▸ TASK PROMPT: Pictures in the entries below are excluded; copy only the lines from the one containing "This is a 2009" to the one containing "It's a 2006", both included.

*** RECORD SET ***

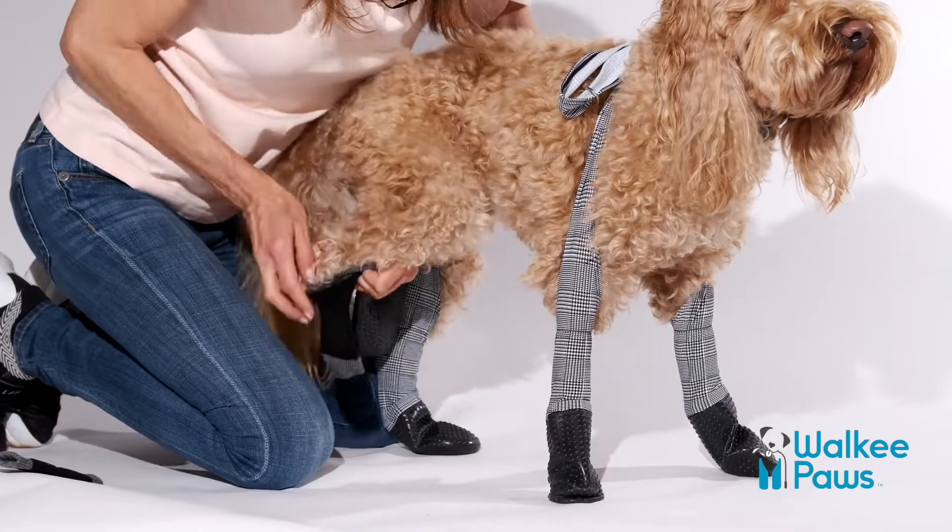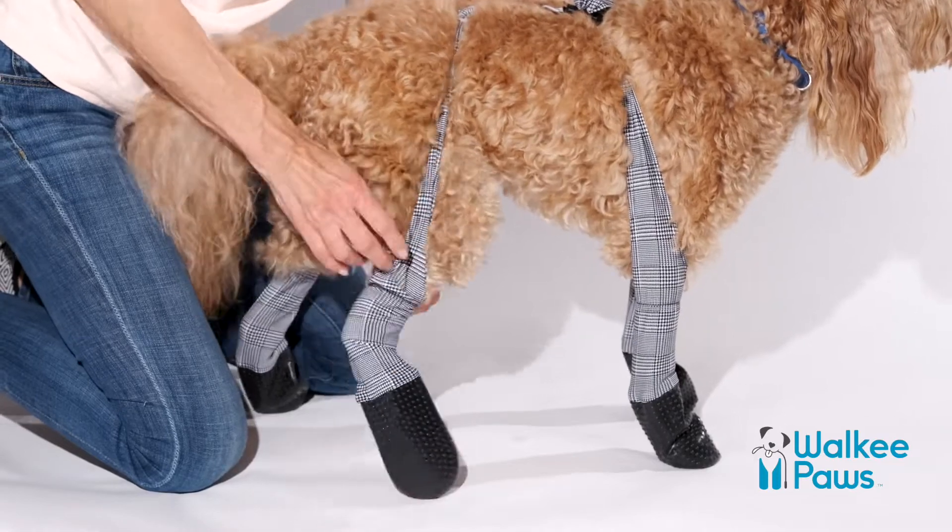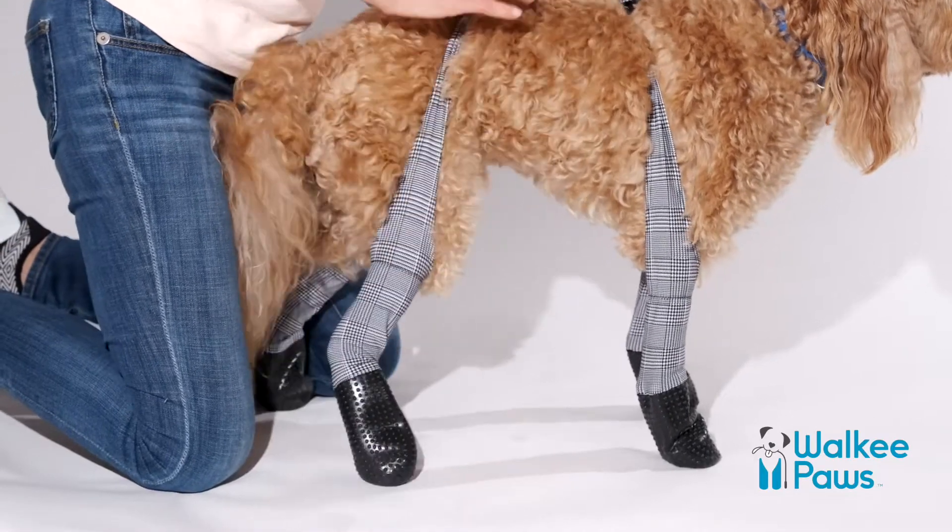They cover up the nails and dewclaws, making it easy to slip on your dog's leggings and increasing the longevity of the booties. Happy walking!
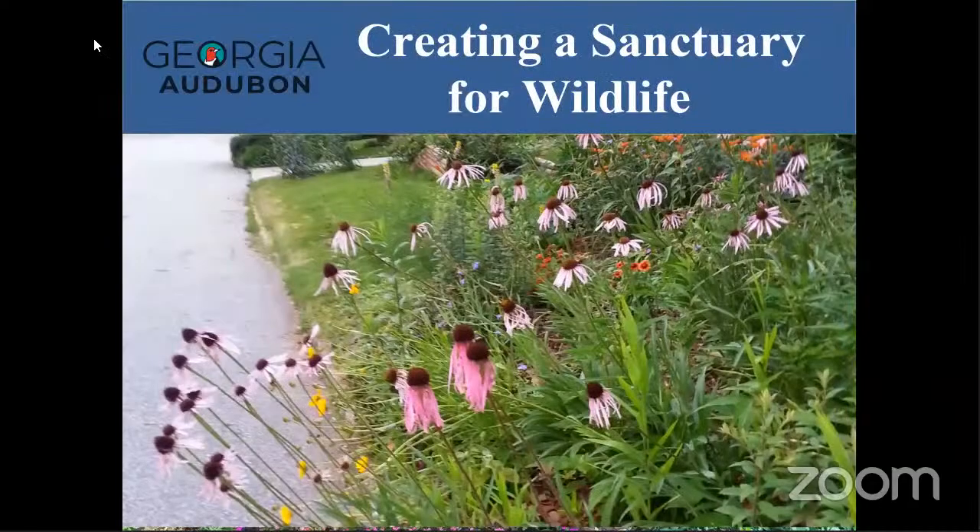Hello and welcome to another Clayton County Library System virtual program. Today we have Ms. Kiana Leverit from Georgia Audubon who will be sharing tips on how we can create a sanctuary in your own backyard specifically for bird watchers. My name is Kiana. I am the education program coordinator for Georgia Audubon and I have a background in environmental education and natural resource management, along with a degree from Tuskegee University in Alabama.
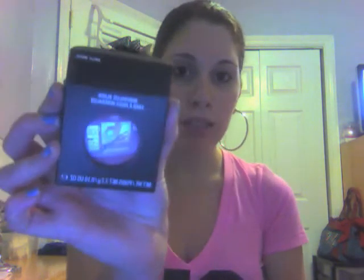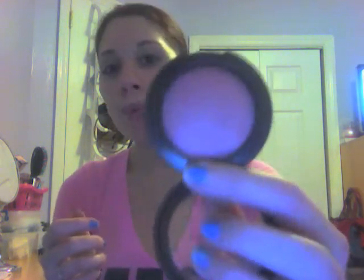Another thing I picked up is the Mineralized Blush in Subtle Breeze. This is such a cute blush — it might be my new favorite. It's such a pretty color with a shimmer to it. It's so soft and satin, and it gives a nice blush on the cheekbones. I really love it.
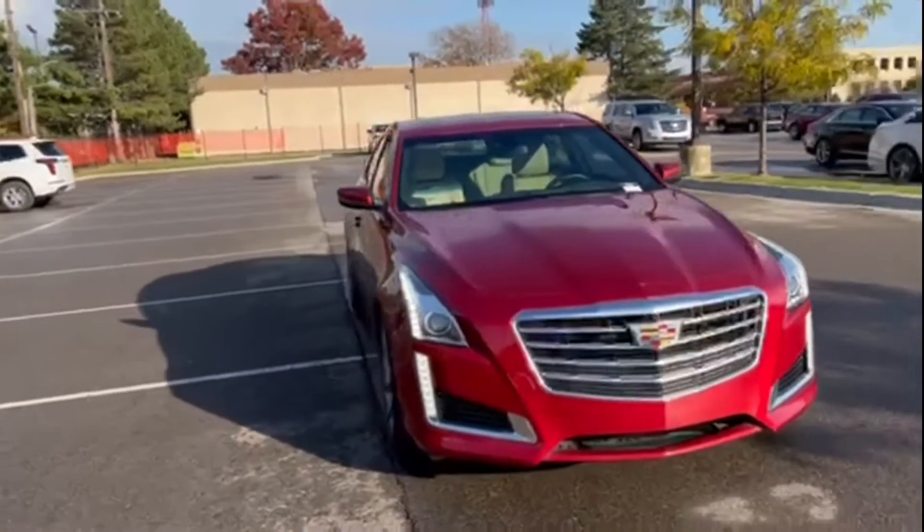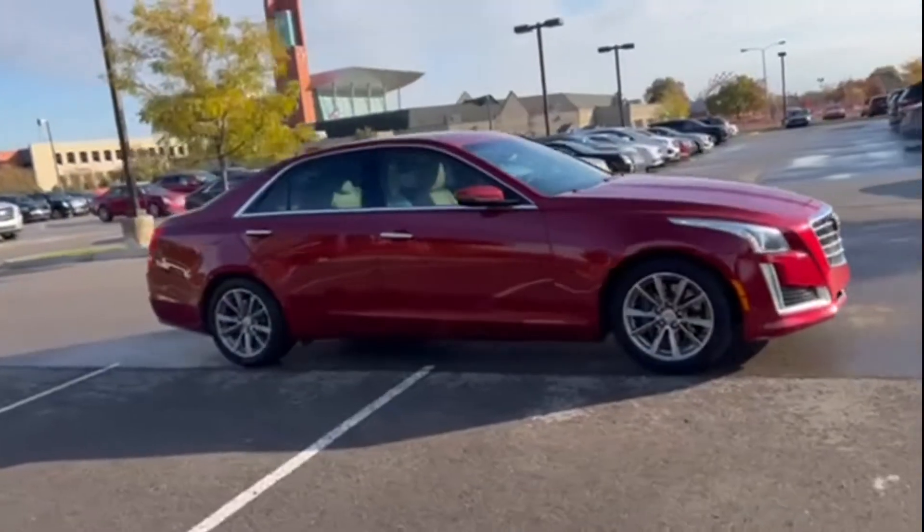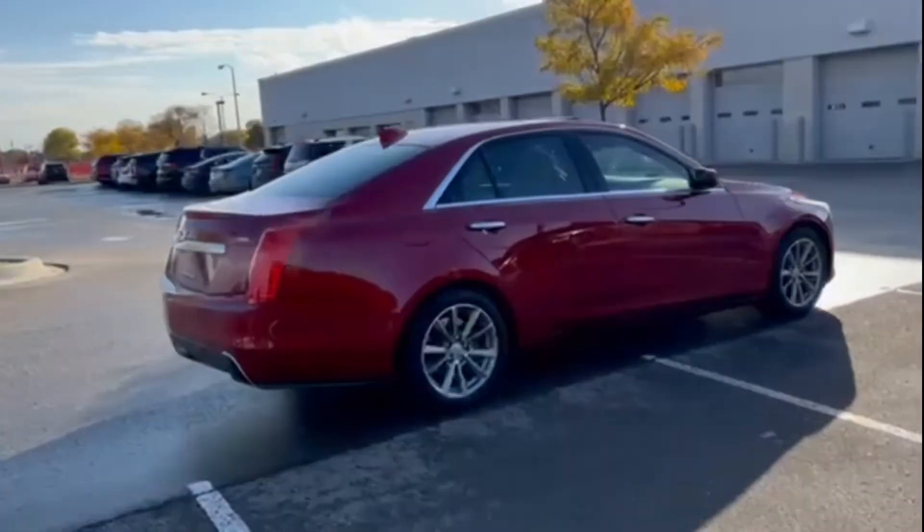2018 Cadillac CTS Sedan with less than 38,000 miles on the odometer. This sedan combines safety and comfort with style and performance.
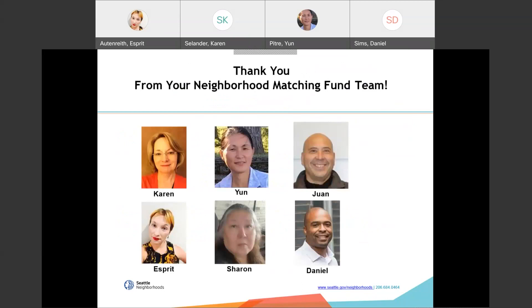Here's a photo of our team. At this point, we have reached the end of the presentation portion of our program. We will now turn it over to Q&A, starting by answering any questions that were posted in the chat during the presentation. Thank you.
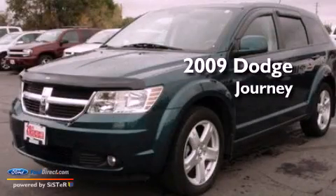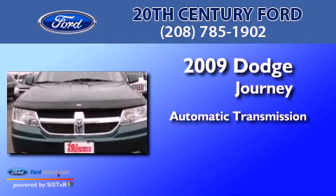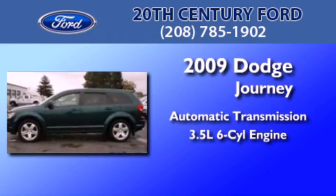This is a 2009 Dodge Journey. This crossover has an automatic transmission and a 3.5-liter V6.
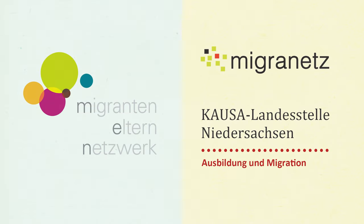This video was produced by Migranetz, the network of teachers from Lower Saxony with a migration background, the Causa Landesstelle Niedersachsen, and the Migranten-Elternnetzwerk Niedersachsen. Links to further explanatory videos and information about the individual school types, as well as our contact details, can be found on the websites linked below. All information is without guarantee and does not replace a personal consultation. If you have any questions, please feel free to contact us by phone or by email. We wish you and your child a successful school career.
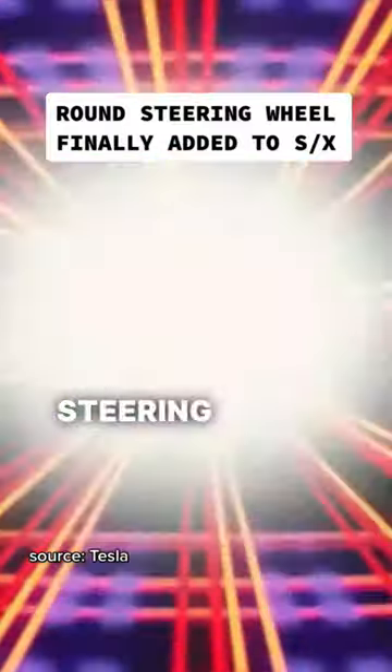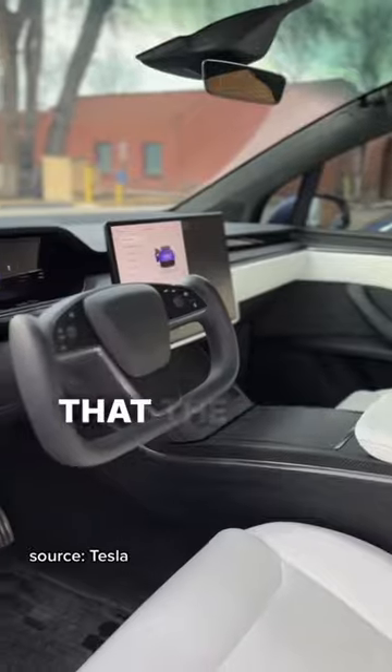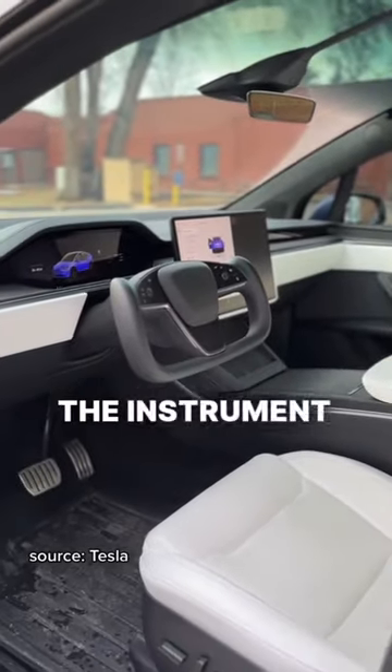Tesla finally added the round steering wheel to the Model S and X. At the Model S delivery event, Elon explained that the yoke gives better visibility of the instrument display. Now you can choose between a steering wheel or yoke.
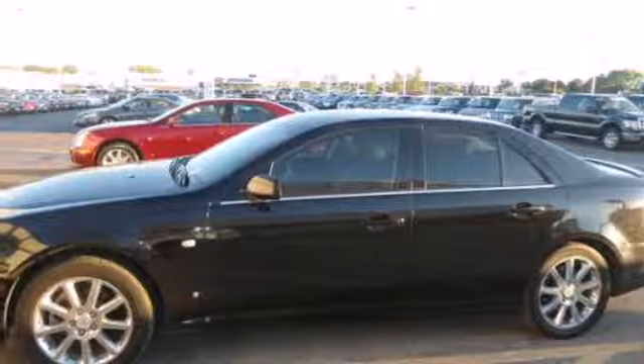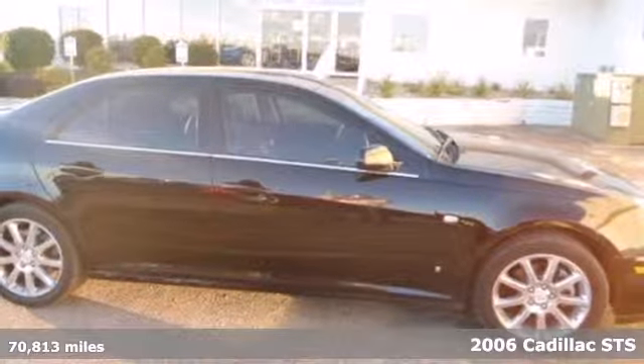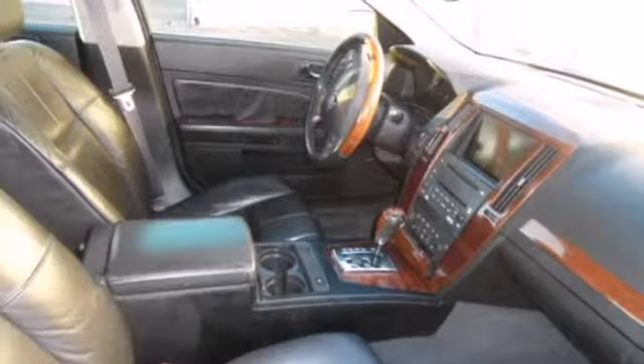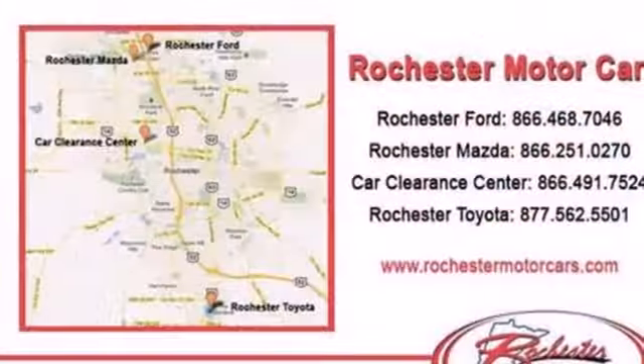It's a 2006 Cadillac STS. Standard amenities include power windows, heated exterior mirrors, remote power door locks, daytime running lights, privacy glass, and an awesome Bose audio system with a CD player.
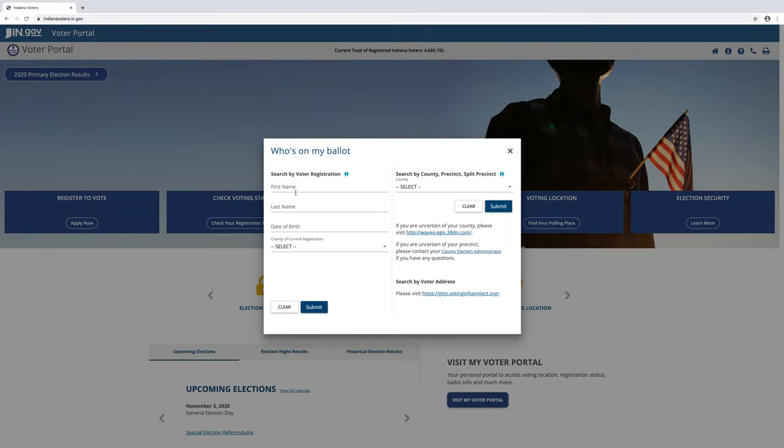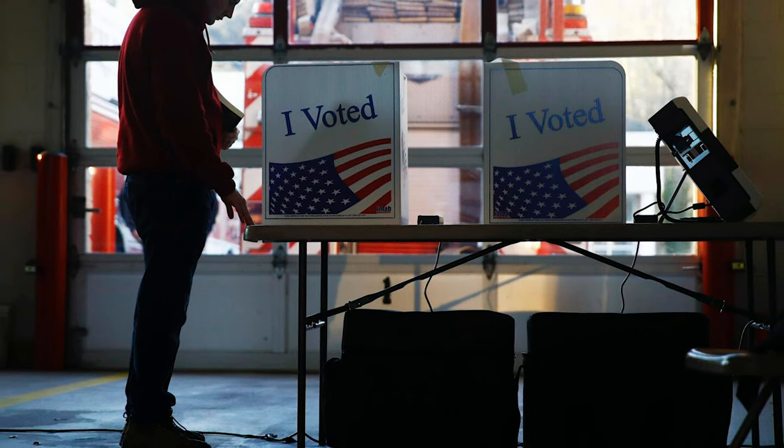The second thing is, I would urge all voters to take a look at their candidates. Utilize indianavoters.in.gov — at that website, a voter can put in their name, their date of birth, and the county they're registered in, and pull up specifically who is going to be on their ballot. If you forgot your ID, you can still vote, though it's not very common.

*** End of RECORD SET ***

▸ EXERCISE OUTPUT:
This is a 2009 Dodge Journey. This crossover has an automatic transmission and a 3.5-liter V6.
This video was produced by Migranetz, the network of teachers from Lower Saxony with a migration background, the Causa Landesstelle Niedersachsen, and the Migranten-Elternnetzwerk Niedersachsen. Links to further explanatory videos and information about the individual school types, as well as our contact details, can be found on the websites linked below. All information is without guarantee and does not replace a personal consultation. If you have any questions, please feel free to contact us by phone or by email. We wish you and your child a successful school career.
Tesla finally added the round steering wheel to the Model S and X. At the Model S delivery event, Elon explained that the yoke gives better visibility of the instrument display. Now you can choose between a steering wheel or yoke.
It's a 2006 Cadillac STS. Standard amenities include power windows, heated exterior mirrors, remote power door locks, daytime running lights, privacy glass, and an awesome Bose audio system with a CD player.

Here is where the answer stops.